2000’li yıllarda yapılan elektrik üretim
özelleştirilmelerinde temel amaç; özelleştirilen tesislerin daha verimli bir
şekilde işletilerek işletme maliyetlerin düşürülmesi, arz güvenliği ve
kalitesinin sağlanması, özellikle dağıtım sektöründe çok fazla olan elektrik
kayıp-kaçaklarının önlenmesi, kişi başına tüketilen elektrik miktarının dünya
ortalaması ve gelişmiş ülkeler seviyesinde olmasının sağlanması, Kamu
işletmeciliğinden kaynaklanan aşırı istihdamın önlenebilmesi ve verimlilik
artışı ile sağlanan tüm faydaların tüketicilere yansıtılması olmuştur.

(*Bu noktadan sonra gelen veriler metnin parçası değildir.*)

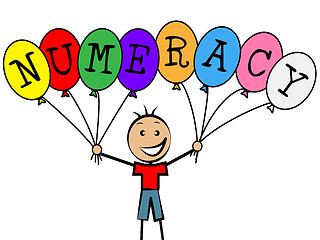 Image showing Numeracy Balloons Represents Youths Son And Numerical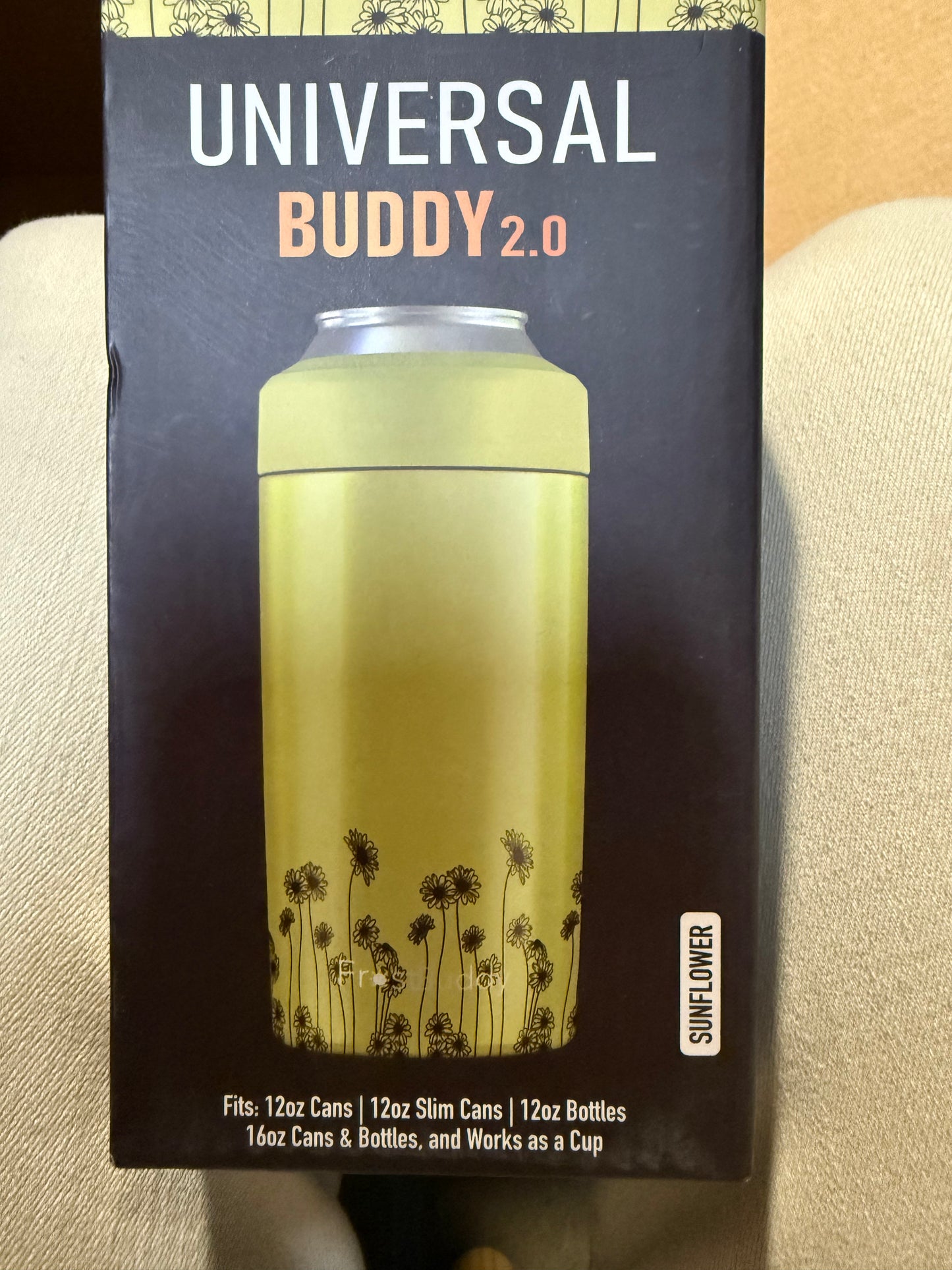 Frost Buddy Universal Buddy Can Cooler - Fits All - For Regular 12 & 16 oz or Slim-Size Bottles - Insulated Double-Walled Stainless Steel (Sunflower)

Yukarıda hedeflenen amaçlara ulaşılması için
özelleştirilmeler öncesi ve sonrası yoğun çalışmalar yapılmıştır. 2019 yılı
sonu itibariyle elektrik üretim Kurulu gücü 91.351 MW olmuştur. Maksimum günlük puantın 50.000 MW’lar civarında olduğu
günümüzde elektrik enerjisi arz güvenliğinin sağlandığı söylenebilir. Üretim
teknolojilerinin gelişmesi ile ülkemizdeki teçhizat maliyetlerinin de düştüğü
görülmektedir. Ancak elektrik üretim sektörü yanında dağıtım sektöründeki kayıp
kaçak oranlarının hala düşürülemediği, bunun yanı sıra ülkemiz elektrik birim
fiyatlarının Avrupa ülkeleri içerisinde iyi bir konumda olduğu görülmektedir. Arzulanan
seviyelere henüz ulaşılamamıştır. Ancak elektrik üretiminin arz ve
kalitesinin dünya ortalaması ve diğer ülkeler seviyesini yakalaması için hukuki
ve teknik çalışmalar devam etmektedir.
Giriş
2001 yılında Enerji Piyasası Düzenleme
Kurumu’nun kurulması ile enerji sektöründe serbest piyasaya geçiş yapılmıştır. Aynı
yıl yürürlüğe giren 4628 sayılı Elektrik
Piyasası Kanunu ile Türkiye Elektrik Piyasasının esasları belirlenmiştir.
Elektrik sektöründe, piyasanın oluşturulmasının en önemli adımlarından biri
olan özelleştirilmelere yönelik çalışmalarda önemli aşamalar kaydedilmiştir.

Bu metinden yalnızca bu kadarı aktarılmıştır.